Partial fraction decomposition of $\frac{1}{(x(x+1)(x+2)…(x+n))^2}$

Question

In view of this question, I am trying to find the partial fraction decomposition of $$\frac{1}{(x(x+1)(x+2)…(x+n))^2}$$ where $n\in\mathbb{N}$

Since every $k$, $k=-n,…,-2,-1,0$ is a pole of order two of the given fraction so its decomposition looks like $$\frac{1}{(x(x+1)(x+2)…(x+n))^2}=\sum_{k=0}^{n} \frac{a_k}{x+k}+\sum_{k=0}^{n} \frac{b_k}{(x+k)^2} $$
So we get on multiplication $$1=a_0 x((x+1)…(x+n))^2+a_1x^2(x+1)((x+2)…(x+n))^2+…+a_n(x(x+1)…(x+n-1))^2(x+n)+b_0((x+1)…(x+n))^2+b_1(x(x+2)…(x+n))^2+…+b_n(x(x+1)…(x+n-1))^2 $$
Now we let $x=0$, we get $b_0=\frac{1}{(n!)^2}$
and $x=-1$ gives $b_1=\frac{1}{((n-1)!)^2}$
and $x=-2$ gives $b_2=\frac{1}{(2(n-2)!)^2}$

I need to find a general formula for $a_k$ and $b_k$. Can we use residues?
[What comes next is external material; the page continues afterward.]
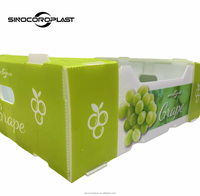 Boîte d'emballage pliable en polypropylène ondulé imperméable pour fruits et légumes, pour l'agriculture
Thank you!

Answer 1

Deriving a formula for $b_k$ is straightforward. You can multiply each side by $(x+k)^2$, simplify, and set $x = -k$ to see that$$ b_k = \left(\frac{1}{(-k)(-(k-1))\cdots (-1)(1)(2)\cdots(n-k)}\right)^2 = \frac{1}{\left(k!(n-k)!\right)^2}, $$ in agreement with your calculations.
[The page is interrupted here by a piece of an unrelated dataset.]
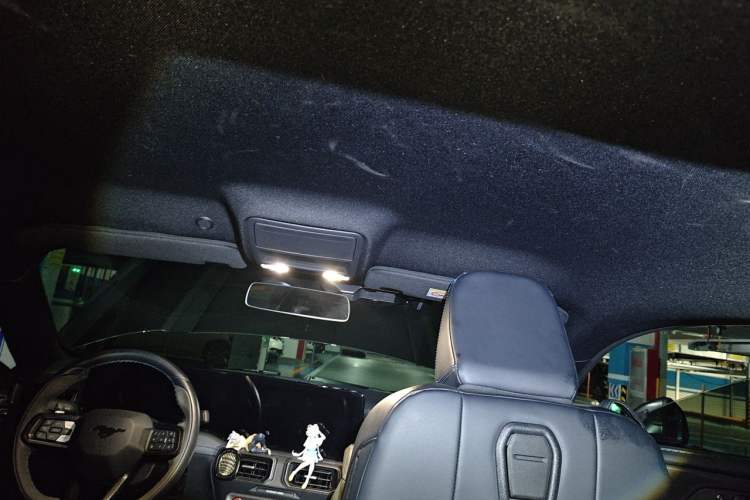 Used Ford Mustang 2024 5.0L V8 Dark Horse Headliner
Deriving a formula for $a_k$ is more challenging. The rising and falling factorial functions may be expanded as polynomials whose coefficients are the unsigned Stirling numbers of the first kind:$$ x^{(n)} = x(x+1)\cdots (x+n-1) = \sum_{j=0}^{n}{n \brack j} x^j,\;\text{and}\\ (x)_n = x(x-1)\cdots (x-(n-1)) = \sum_{j=0}^{n}(-1)^{n-j}{n \brack j} x^j. $$ The goal is to find coefficients of an expansion of $\left(x^{(n+1)}\right)^{-2}$ in powers of $y \doteq x+k$. Therefore we write $$ x^{(n+1)}= (y-k)(y-(k-1)) \cdots (y-1) y (y+1) \cdots (y+n-k) = \frac{y^{(n-k+1)}(y)_{k+1}}{y}. $$ Expanding this in powers of $y$ yields $$ x^{(n+1)} = \frac{1}{y}\left({n-k+1 \brack 0} + {n-k+1 \brack 1} y+ {n-k+1 \brack 2} y^2 + O(y^3)\right) \times (-1)^k \left(-{k+1 \brack 0} + {k+1 \brack 1} y - {k+1 \brack 2} y^2 + O(y^3)\right) $$ The formulas for the Stirling numbers involved are, for all $n \ge 0$, $$ {n+1 \brack 0} = 0, \quad {n+1 \brack 1} = n!, \quad \text{and} \quad {n+1 \brack 2} = n! H_n, $$ where $H_n$ is the $n^\mathrm{th}$ harmonic number. Therefore, $$ x^{(n+1)} = (-1)^k k!(n-k)! \, y \left(1 + (H_{n-k} - H_k)y + O(y^2)\right). $$ Raising this to the power $-2$ yields $$ \left(x^{(n+1)}\right)^{-2} = \frac{1}{\left(k!(n-k)! \right)^2}\, \left(y^{-2} + 2 (H_k - H_{n-k}) y^{-1} + O(1)\right). $$ From this we may read off the formula for $b_k$ given above and this formula for $a_k$: $$ a_k = 2\frac{H_k - H_{n-k}}{\left(k!(n-k)! \right)^2}. $$

Here's an example for $n = 3$. The values of $b_k$ are $$b_0 = b_3 = \frac{1}{(0!3!)^2} = \frac{1}{36} \;\text{and}\; b_1 = b_2 = \frac{1}{(1!2!)^2} = \frac{1}{4}. $$ The values of $a_k$ are $2(H_k - H_{n-k})b_k$. The first few harmonic numbers are$$ H_0 = 0,\;H_1 = \frac{1}{1} = 1,\;H_2 = \frac{1}{1} + \frac{1}{2} = \frac{3}{2},\;\text{and}\;H_3 = \frac{1}{1} + \frac{1}{2} + \frac{1}{3} = \frac{11}{6}. $$ Therefore $$ a_3 = 2(H_3 - H_0)b_3 = 2\left(\frac{11}{6} - 0\right)b_3 = \frac{11}{3}\cdot\frac{1}{36} = \frac{11}{108},\\ a_2 = 2(H_2 - H_1)b_2 = 2\left(\frac{3}{2} - 1\right)b_2 = \frac{1}{1}\cdot\frac{1}{4} = \frac{1}{4}, $$ whereas $a_1 = -a_2$ and $a_0 = -a_3$ because of the (anti)symmetry in the formula for $a_k$. Therefore $$ \frac{1}{\left(x(x+1)(x+2)(x+3)\right)^2} = -\frac{11}{108} \frac{1}{x} - \frac{1}{4} \frac{1}{x+1} + \frac{1}{4} \frac{1}{x+2} + \frac{11}{108} \frac{1}{x+3} + \frac{1}{36} \frac{1}{x^2} + \frac{1}{4} \frac{1}{(x+1)^2}+ \frac{1}{4} \frac{1}{(x+2)^2}+ \frac{1}{36} \frac{1}{(x+3)^2}. $$